(Short web captions)
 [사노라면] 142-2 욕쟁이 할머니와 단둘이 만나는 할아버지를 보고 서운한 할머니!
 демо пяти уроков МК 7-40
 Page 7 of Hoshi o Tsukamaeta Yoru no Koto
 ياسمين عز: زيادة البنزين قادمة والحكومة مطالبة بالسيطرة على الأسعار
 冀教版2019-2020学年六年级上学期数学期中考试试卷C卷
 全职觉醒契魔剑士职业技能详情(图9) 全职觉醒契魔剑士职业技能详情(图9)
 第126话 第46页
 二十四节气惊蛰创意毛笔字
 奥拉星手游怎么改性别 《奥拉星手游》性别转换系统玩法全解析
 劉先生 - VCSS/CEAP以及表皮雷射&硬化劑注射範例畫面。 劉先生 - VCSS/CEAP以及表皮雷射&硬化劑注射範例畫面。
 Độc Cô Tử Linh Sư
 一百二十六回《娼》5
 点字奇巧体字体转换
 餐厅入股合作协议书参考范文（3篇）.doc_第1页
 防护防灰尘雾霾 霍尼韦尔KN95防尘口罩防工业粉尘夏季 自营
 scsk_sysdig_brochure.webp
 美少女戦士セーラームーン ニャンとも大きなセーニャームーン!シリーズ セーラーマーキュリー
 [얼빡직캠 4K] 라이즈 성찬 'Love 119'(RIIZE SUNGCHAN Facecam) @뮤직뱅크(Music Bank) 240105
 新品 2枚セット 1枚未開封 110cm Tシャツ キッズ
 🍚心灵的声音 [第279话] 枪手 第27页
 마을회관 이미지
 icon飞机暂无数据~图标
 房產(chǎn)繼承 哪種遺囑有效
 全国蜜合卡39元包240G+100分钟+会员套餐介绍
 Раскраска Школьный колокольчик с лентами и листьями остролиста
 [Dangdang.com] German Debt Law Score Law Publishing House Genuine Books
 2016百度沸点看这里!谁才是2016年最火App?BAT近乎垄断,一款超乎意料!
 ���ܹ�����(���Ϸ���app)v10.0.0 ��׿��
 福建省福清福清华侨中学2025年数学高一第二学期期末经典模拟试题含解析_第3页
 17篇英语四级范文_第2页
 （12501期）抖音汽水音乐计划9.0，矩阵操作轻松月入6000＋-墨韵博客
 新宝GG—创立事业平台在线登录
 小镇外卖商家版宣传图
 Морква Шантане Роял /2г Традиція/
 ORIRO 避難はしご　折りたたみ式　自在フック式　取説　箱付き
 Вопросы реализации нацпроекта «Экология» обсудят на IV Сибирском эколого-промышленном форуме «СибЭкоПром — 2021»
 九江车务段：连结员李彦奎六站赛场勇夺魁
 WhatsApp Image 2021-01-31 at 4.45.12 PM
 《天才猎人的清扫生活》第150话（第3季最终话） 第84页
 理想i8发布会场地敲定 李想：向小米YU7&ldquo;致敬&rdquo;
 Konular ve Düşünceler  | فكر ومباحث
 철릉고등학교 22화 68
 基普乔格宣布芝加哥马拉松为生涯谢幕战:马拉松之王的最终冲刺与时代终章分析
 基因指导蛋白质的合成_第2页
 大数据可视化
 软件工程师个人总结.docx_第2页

### Assignment
Nothing should be missing: every line above must be reproduced exactly.

### Result for this exercise
 [사노라면] 142-2 욕쟁이 할머니와 단둘이 만나는 할아버지를 보고 서운한 할머니!
 демо пяти уроков МК 7-40
 Page 7 of Hoshi o Tsukamaeta Yoru no Koto
 ياسمين عز: زيادة البنزين قادمة والحكومة مطالبة بالسيطرة على الأسعار
 冀教版2019-2020学年六年级上学期数学期中考试试卷C卷
 全职觉醒契魔剑士职业技能详情(图9) 全职觉醒契魔剑士职业技能详情(图9)
 第126话 第46页
 二十四节气惊蛰创意毛笔字
 奥拉星手游怎么改性别 《奥拉星手游》性别转换系统玩法全解析
 劉先生 - VCSS/CEAP以及表皮雷射&硬化劑注射範例畫面。 劉先生 - VCSS/CEAP以及表皮雷射&硬化劑注射範例畫面。
 Độc Cô Tử Linh Sư
 一百二十六回《娼》5
 点字奇巧体字体转换
 餐厅入股合作协议书参考范文（3篇）.doc_第1页
 防护防灰尘雾霾 霍尼韦尔KN95防尘口罩防工业粉尘夏季 自营
 scsk_sysdig_brochure.webp
 美少女戦士セーラームーン ニャンとも大きなセーニャームーン!シリーズ セーラーマーキュリー
 [얼빡직캠 4K] 라이즈 성찬 'Love 119'(RIIZE SUNGCHAN Facecam) @뮤직뱅크(Music Bank) 240105
 新品 2枚セット 1枚未開封 110cm Tシャツ キッズ
 🍚心灵的声音 [第279话] 枪手 第27页
 마을회관 이미지
 icon飞机暂无数据~图标
 房產(chǎn)繼承 哪種遺囑有效
 全国蜜合卡39元包240G+100分钟+会员套餐介绍
 Раскраска Школьный колокольчик с лентами и листьями остролиста
 [Dangdang.com] German Debt Law Score Law Publishing House Genuine Books
 2016百度沸点看这里!谁才是2016年最火App?BAT近乎垄断,一款超乎意料!
 ���ܹ�����(���Ϸ���app)v10.0.0 ��׿��
 福建省福清福清华侨中学2025年数学高一第二学期期末经典模拟试题含解析_第3页
 17篇英语四级范文_第2页
 （12501期）抖音汽水音乐计划9.0，矩阵操作轻松月入6000＋-墨韵博客
 新宝GG—创立事业平台在线登录
 小镇外卖商家版宣传图
 Морква Шантане Роял /2г Традиція/
 ORIRO 避難はしご　折りたたみ式　自在フック式　取説　箱付き
 Вопросы реализации нацпроекта «Экология» обсудят на IV Сибирском эколого-промышленном форуме «СибЭкоПром — 2021»
 九江车务段：连结员李彦奎六站赛场勇夺魁
 WhatsApp Image 2021-01-31 at 4.45.12 PM
 《天才猎人的清扫生活》第150话（第3季最终话） 第84页
 理想i8发布会场地敲定 李想：向小米YU7&ldquo;致敬&rdquo;
 Konular ve Düşünceler  | فكر ومباحث
 철릉고등학교 22화 68
 基普乔格宣布芝加哥马拉松为生涯谢幕战:马拉松之王的最终冲刺与时代终章分析
 基因指导蛋白质的合成_第2页
 大数据可视化
 软件工程师个人总结.docx_第2页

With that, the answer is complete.